=== PROBLEM TO SOLVE ===
Output the lines of the entries below beginning at the one with "小熊抱杏仁饼干的做法图解3" and ending with the last, exactly as written and without pictures.

DATA FOR REVIEW START

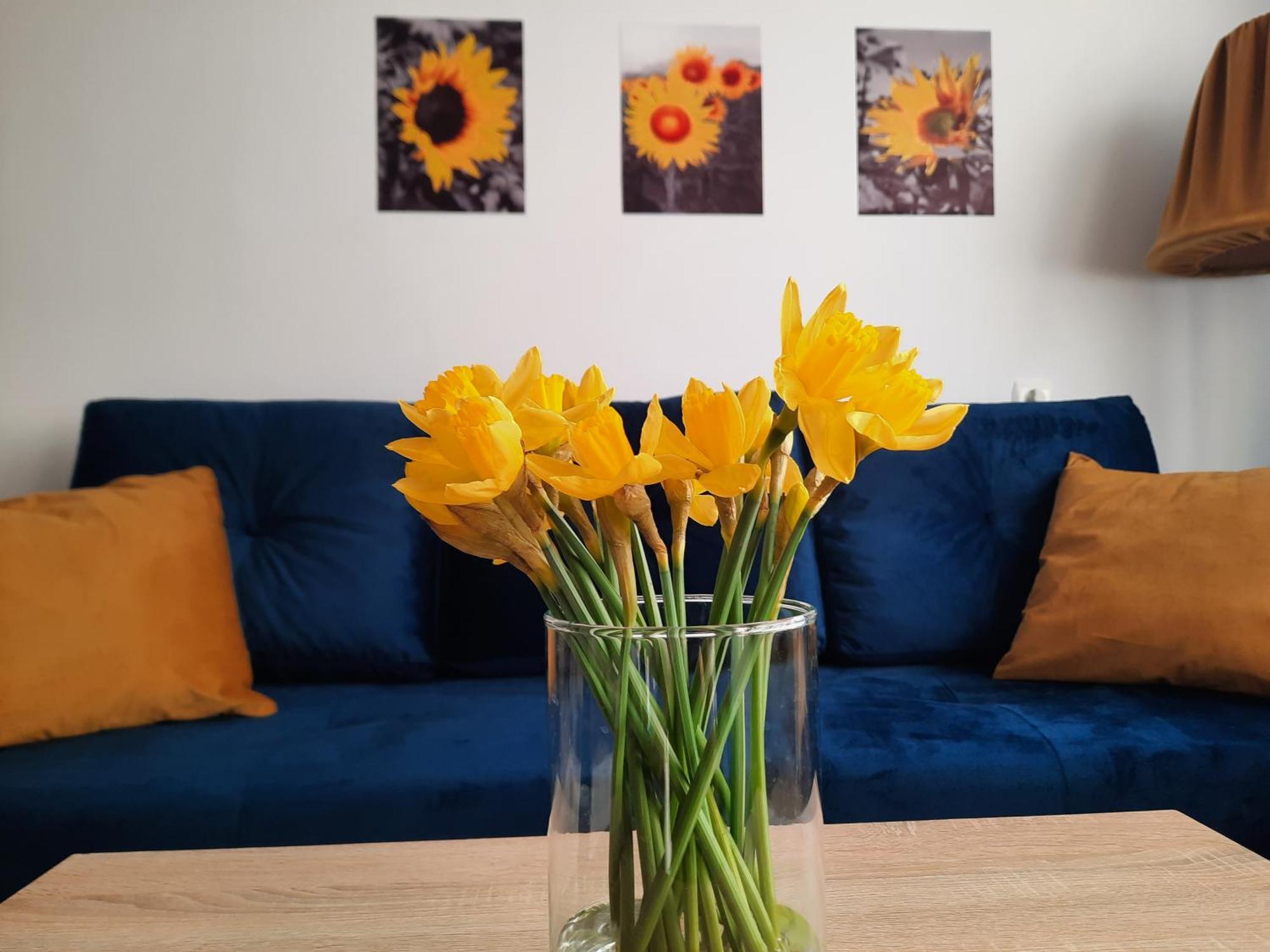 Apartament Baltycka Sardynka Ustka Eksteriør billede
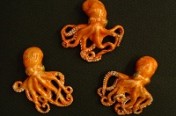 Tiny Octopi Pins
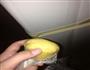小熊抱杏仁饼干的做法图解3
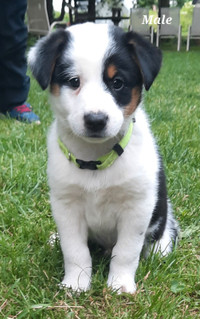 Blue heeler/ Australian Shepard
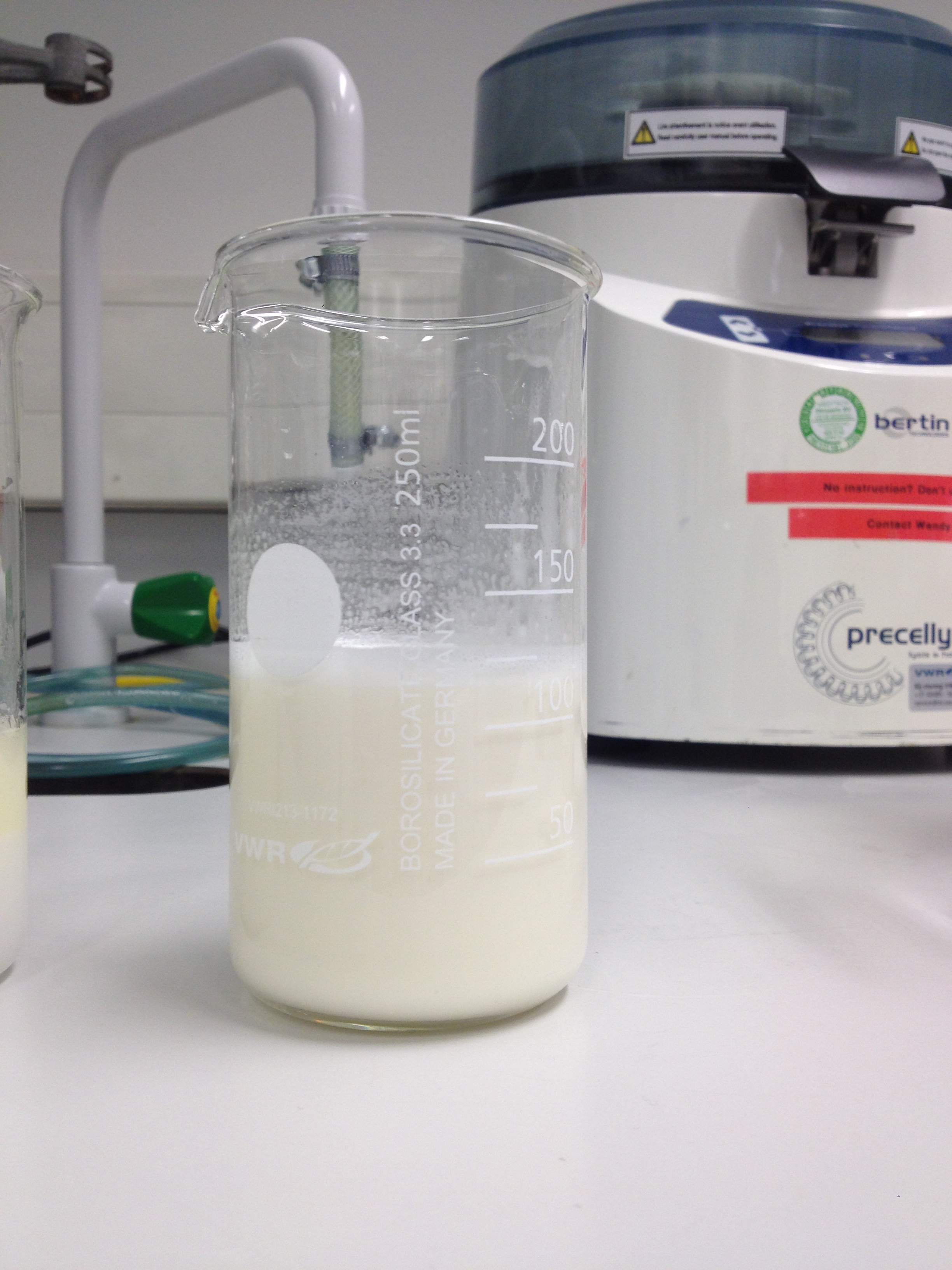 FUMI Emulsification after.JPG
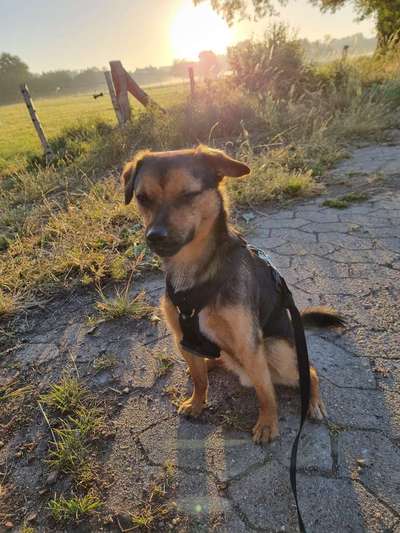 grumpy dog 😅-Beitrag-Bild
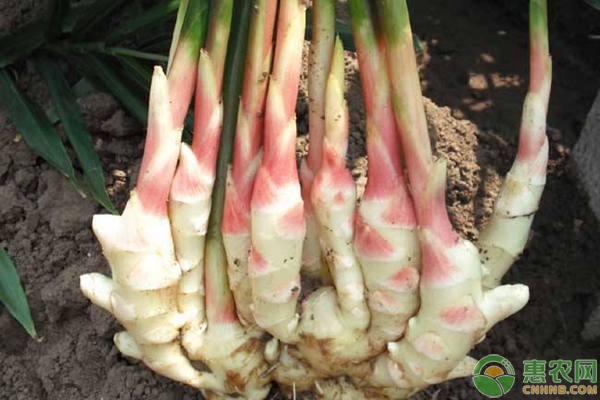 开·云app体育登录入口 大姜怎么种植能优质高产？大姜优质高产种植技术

DATA FOR REVIEW END

=== SOLUTION TO THIS PROBLEM ===
小熊抱杏仁饼干的做法图解3
 Blue heeler/ Australian Shepard
 FUMI Emulsification after.JPG
 grumpy dog 😅-Beitrag-Bild
 开·云app体育登录入口 大姜怎么种植能优质高产？大姜优质高产种植技术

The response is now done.